How can I construct an example of the following?
$f$ is differentiable at $x_0$ but $\lim_{x\to x_0} f'(x)$ does not exist?
A bit stupid but if a function that doesn't have a limit at a point does that mean left hand limit is not equal to the right hand limit?
Can I construct $f$ such that $f=0$ for all $x\in (-\infty,0]$ and $f=\sin(x)$ for all $x \in (0, \infty)$ and take $x_0$ to be at zero?

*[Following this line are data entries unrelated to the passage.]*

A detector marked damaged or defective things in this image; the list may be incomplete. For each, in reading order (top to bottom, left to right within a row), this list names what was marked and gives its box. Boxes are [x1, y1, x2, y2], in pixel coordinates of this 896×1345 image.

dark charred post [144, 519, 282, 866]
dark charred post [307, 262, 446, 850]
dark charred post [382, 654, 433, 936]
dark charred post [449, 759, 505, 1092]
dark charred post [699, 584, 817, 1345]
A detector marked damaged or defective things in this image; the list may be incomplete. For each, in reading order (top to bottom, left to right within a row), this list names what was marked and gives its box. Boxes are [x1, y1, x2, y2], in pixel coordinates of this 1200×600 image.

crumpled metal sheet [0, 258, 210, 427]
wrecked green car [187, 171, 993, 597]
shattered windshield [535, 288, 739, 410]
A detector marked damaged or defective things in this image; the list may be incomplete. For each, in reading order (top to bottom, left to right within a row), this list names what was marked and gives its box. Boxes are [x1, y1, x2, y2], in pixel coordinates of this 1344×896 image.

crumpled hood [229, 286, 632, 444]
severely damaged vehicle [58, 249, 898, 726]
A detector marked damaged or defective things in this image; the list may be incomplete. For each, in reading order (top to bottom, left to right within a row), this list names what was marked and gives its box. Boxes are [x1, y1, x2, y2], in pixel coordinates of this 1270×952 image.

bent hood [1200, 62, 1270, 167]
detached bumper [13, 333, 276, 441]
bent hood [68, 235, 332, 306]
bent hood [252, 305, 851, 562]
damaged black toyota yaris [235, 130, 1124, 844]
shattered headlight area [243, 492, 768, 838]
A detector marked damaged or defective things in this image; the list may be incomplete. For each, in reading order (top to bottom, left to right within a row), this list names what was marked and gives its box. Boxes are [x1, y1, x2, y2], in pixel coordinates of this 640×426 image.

Take$$\begin{array}{rccc}f\colon&\mathbb R&\longrightarrow&\mathbb R\\&x&\mapsto&\begin{cases}x^2\sin\left(\frac1x\right)&\text{ if }x\neq0\\0&\text{ if }x=0.\end{cases}\end{array}$$Then $f$ is differentiable everywhere, but the limit $\lim_{x\to0}f'(x)$ doesn't exist, since, if $x\neq0$,$$f'(x)=2x\sin\left(\frac1x\right)-\cos\left(\frac1x\right)$$and, although the limite $\lim_{x\to0}2x\sin\left(\frac1x\right)$ exists (it is equal to $0$), the limit $\lim_{x\to0}\cos\left(\frac1x\right)$ doesn't.